Jim and I attended the Taos Toolbox writers’ workshop in July, conducted by Walter Jon Williams and taught by Walter and my SF mentor Nancy Kress. I described the workshop in two entries after we got back, and would have continued if my damned gas line hadn’t threatened to ignite virtually under my feet. (I hope to write a little more about the workshop in coming days.) I will say right now that if you have a little experience in SF or fantasy, Taos Toolbox is spectacular. Granted, it’s expensive, and almost unbelievably intense. Jim describes it as a 500-level graduate course in the art of the novel compressed into two weeks, and that sounds about right. Walter is currently accepting applications for the 2012 workshop, and I give it my wholehearted recommendation. I met a lot of wonderful people, workshopped 15,000 words of my current novel-in-progress, Ten Gentle Opportunities, and returned with new dedication to the craft of fiction. I’d hoped to finish TGO by the end of the year, but (as described above) the year did not cooperate. The new target is April 1. Snotty AIs, zombies dancing the Macarena, a copier factory gone rogue, magic as software, physics as alternate magic, and malware from another universe…hey, what else d’ya want?

On October 2, Carol and I celebrated our 35th wedding anniversary. We spent ten days on Oahu, generating enough gumption to start having the lower level rehabbed when we got back. It took everything we could generate, and more.

I joined the Writers Write! group here locally, and have made many friends there. The group’s motto is Just write the damn book! It’s advice I need to take.

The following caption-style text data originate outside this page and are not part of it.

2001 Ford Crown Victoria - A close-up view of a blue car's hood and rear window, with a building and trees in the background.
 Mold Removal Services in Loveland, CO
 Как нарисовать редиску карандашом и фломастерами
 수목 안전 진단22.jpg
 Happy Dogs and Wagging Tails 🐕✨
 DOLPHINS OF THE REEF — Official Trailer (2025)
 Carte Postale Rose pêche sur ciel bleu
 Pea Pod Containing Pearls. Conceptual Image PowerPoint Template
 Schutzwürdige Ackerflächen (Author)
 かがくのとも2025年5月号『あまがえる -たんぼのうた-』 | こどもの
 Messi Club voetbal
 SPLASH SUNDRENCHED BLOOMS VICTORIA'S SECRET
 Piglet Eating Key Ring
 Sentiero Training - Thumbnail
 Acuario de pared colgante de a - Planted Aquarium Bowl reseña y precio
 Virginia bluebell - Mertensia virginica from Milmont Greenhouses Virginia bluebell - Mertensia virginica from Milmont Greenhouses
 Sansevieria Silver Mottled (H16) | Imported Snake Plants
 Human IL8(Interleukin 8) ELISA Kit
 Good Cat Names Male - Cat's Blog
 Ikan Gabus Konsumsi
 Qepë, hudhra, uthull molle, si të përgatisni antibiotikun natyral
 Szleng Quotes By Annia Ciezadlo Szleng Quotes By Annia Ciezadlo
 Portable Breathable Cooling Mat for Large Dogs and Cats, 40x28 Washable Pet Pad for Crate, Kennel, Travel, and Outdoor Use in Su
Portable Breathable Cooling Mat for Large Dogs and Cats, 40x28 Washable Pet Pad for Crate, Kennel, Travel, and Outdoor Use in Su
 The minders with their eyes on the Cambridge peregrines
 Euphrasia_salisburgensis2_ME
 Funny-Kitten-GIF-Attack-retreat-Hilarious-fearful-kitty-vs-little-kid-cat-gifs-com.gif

Those are the broad strokes. Scattered among the days were little flashes of light and minor grunts of annoyance. My brakes have needed work three times. I met Cynthia Felice. My new superregenerative FM receiver has dead spots. I finished a nice steampunk computer table. That sort of thing; up and down on an almost daily basis.

I have high hopes for 2012. Carol and I have deliberately held back opening our Christmas presents until January 6th to get an upbeat start on the year, and 2012’s first 18 hours have gone pretty well. I won’t try to draw any conclusions from the data points presented. Hey, sea level dropped 6mm in 2010 alone. Blips happen, so let’s not read too much into any of them. It’s not the end of the Holocene…yet. Then there’s the Mayan calendar. Y2KXII, anybody? Let’s party!)

Happy new year, everyone. Strive to appreciate your friends this year. (You won’t have them forever!) Write more. Worry less. Go outside and check your gas pipes. Eat fat and drink sweet wine, and make sure you share what you have with others. I’ll be here when you need me.